Three former top aides to President Obama appeared as speakers at the conference.
Lawmakers and their staff members received hundreds of thousands of dollars’ worth of travel expenses, silk scarves, crystal tea sets and Azerbaijani rugs valued at $2,500 to $10,000, according to the ethics report. Airfare for the lawmakers and some of their spouses cost $112,899, travel invoices show.
The State Oil Company of the Azerbaijan Republic, known as SOCAR, allegedly funneled $750,000 through nonprofit corporations based in the United States to conceal the source of the funding for the conference in the former Soviet nation, according to the 70-page report by the Office of Congressional Ethics, an independent investigative arm of the House.
The report reflects the most extensive investigation undertaken by the ethics office, which was created seven years ago in response to a number of scandals on Capitol Hill, including lobbyist Jack Abramoff’s illegal funding of lawmakers’ trips.
The nonprofit corporations allegedly filed false statements with Congress swearing that they were sponsoring the conference.
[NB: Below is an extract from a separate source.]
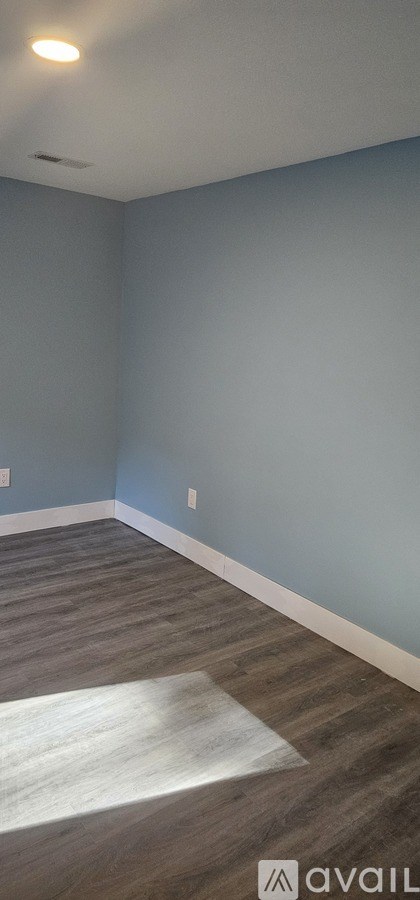 A room with a light blue wall and a wooden floor.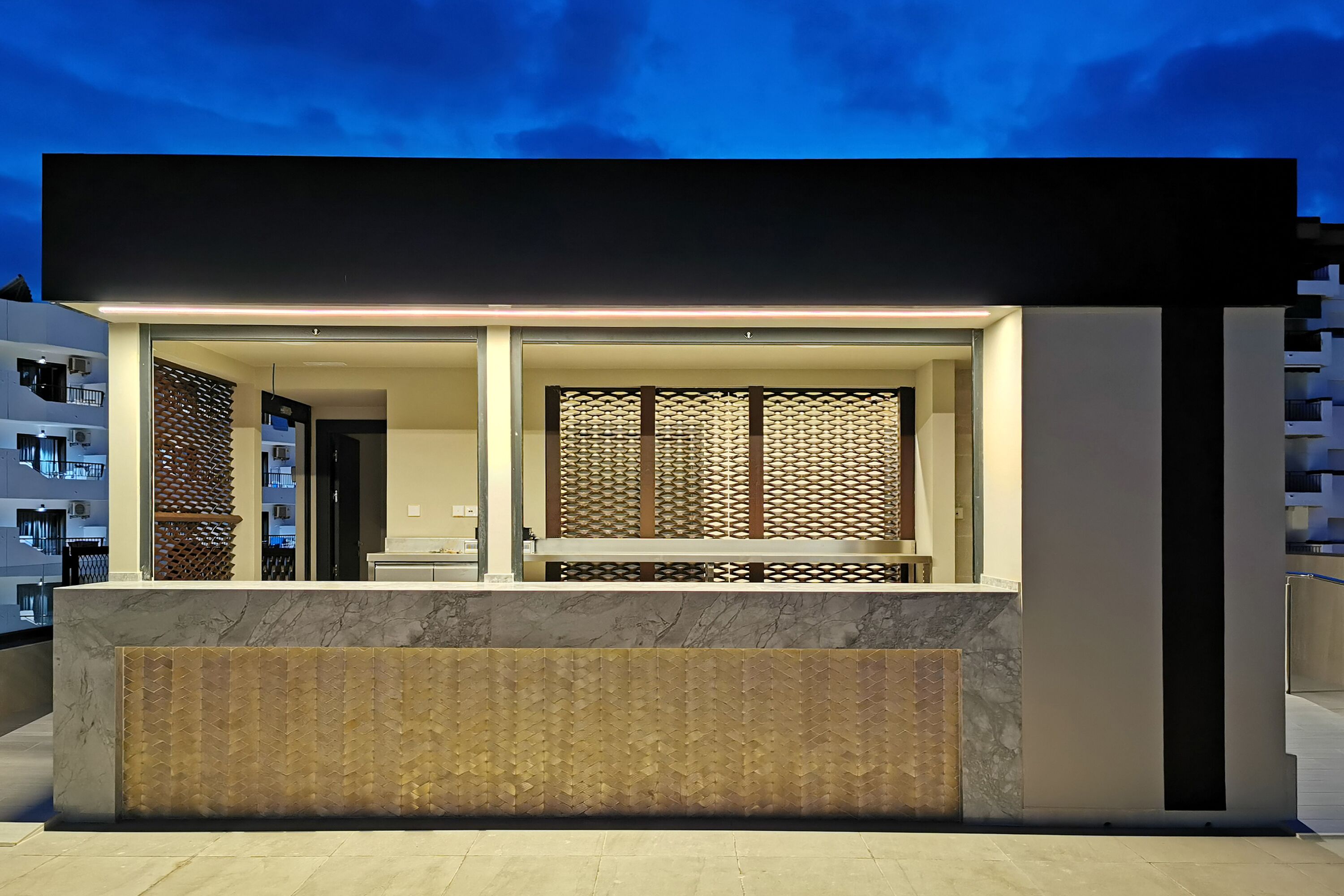 Un edificio moderno con área de recepción, ventanas amplias y una pared con diseño.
The findings have been referred to the House Committee on Ethics for investigation of possible violations of congressional rules and federal laws that bar foreign governments from trying to influence U.S. policy.
The lawmakers who took the trip were Reps. Jim Bridenstine (R-Okla.), Yvette D. Clarke (D-N.Y.), Danny K. Davis (D-Ill.), Rubén Hinojosa (D-Tex.), Sheila Jackson Lee (D-Tex.), Leonard Lance (R-N.J.), Michelle Lujan Grisham (D-N.M.), Gregory W. Meeks (D-N.Y.), Ted Poe (R-Tex.) and then-Rep. Steve Stockman (R-Tex.).